(Short web captions)
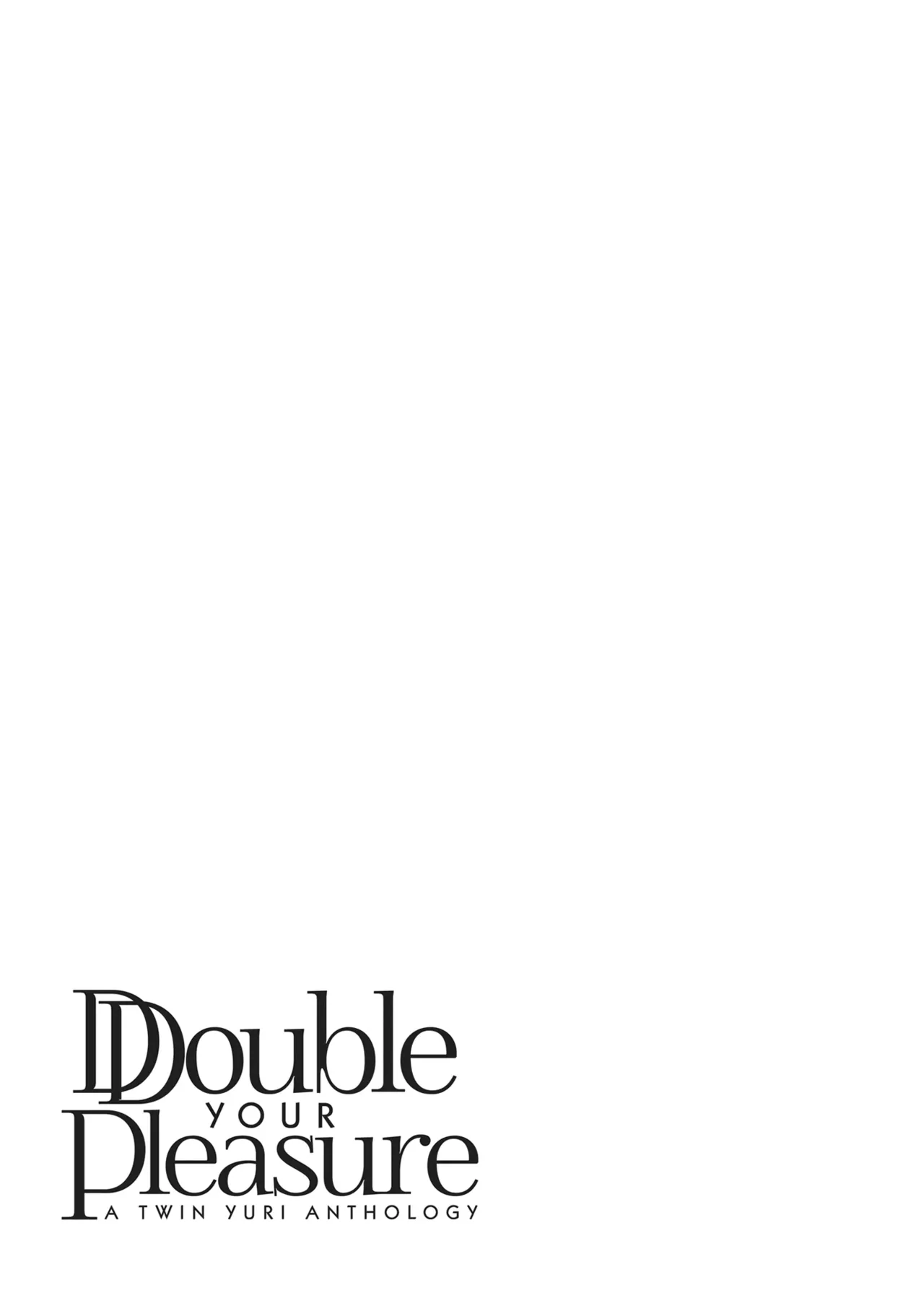 [Anthology]Double Your Pleasure – A Twin Yuri Anthology[English] Page 144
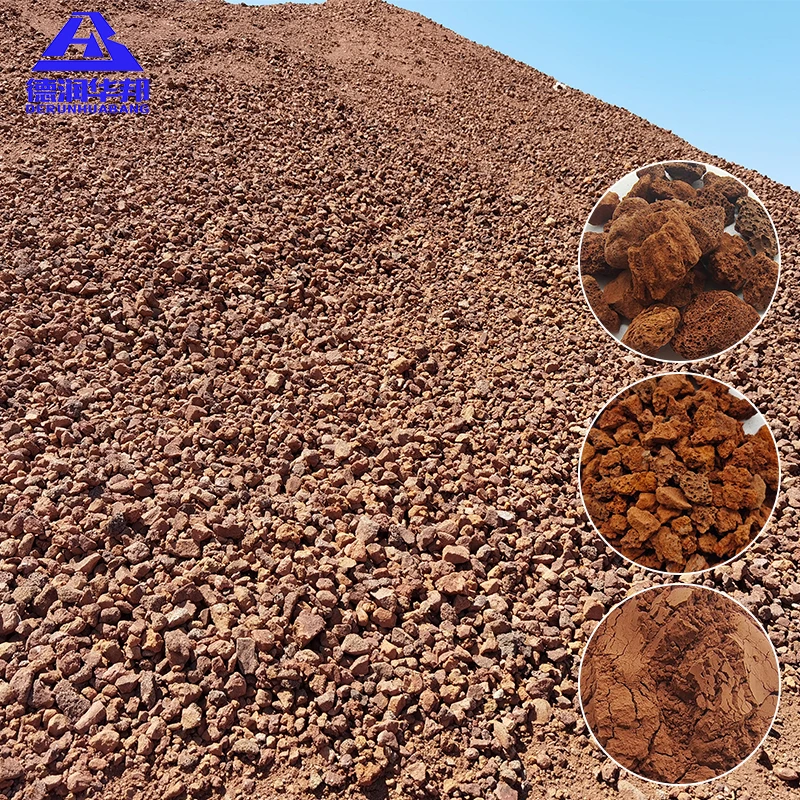 Premium Porous Volcanic Rock for Aquarium Filtration and Landscaping Non-Metallic Mineral Product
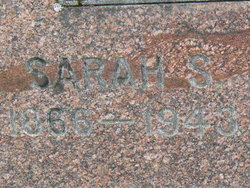 Sarah Sophrona <I>Fouts</I> McCaskey 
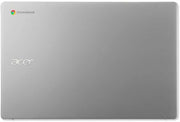 ACER Chromebook 317 CB317-1H-C7TP Ordenador portátil 17,3'' Full HD, PC portátil (Intel Celeron N4500, RAM 8 GB, 128 GB eMMC, Intel UHD Graphics, Chrome OS), Portátil Gris Plateado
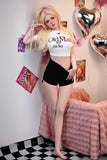 JXDoll - Laine 160cm/5ft3 D-cup Silicone Head Sex Doll (In US Stock)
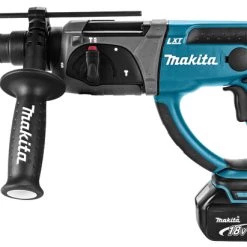 Makita Marteau Perforateur Sans Fil DHR202RTJ Perfo-burineur SDS-Plus 18V Li-Ion 5 Ah 20 Mm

- [What the exercise asks] Retype every record above word for word, leaving out any pictures.

- [Exercise output]
 [Anthology]Double Your Pleasure – A Twin Yuri Anthology[English] Page 144
 Premium Porous Volcanic Rock for Aquarium Filtration and Landscaping Non-Metallic Mineral Product
 Sarah Sophrona <I>Fouts</I> McCaskey 
 ACER Chromebook 317 CB317-1H-C7TP Ordenador portátil 17,3'' Full HD, PC portátil (Intel Celeron N4500, RAM 8 GB, 128 GB eMMC, Intel UHD Graphics, Chrome OS), Portátil Gris Plateado
 JXDoll - Laine 160cm/5ft3 D-cup Silicone Head Sex Doll (In US Stock)
 Makita Marteau Perforateur Sans Fil DHR202RTJ Perfo-burineur SDS-Plus 18V Li-Ion 5 Ah 20 Mm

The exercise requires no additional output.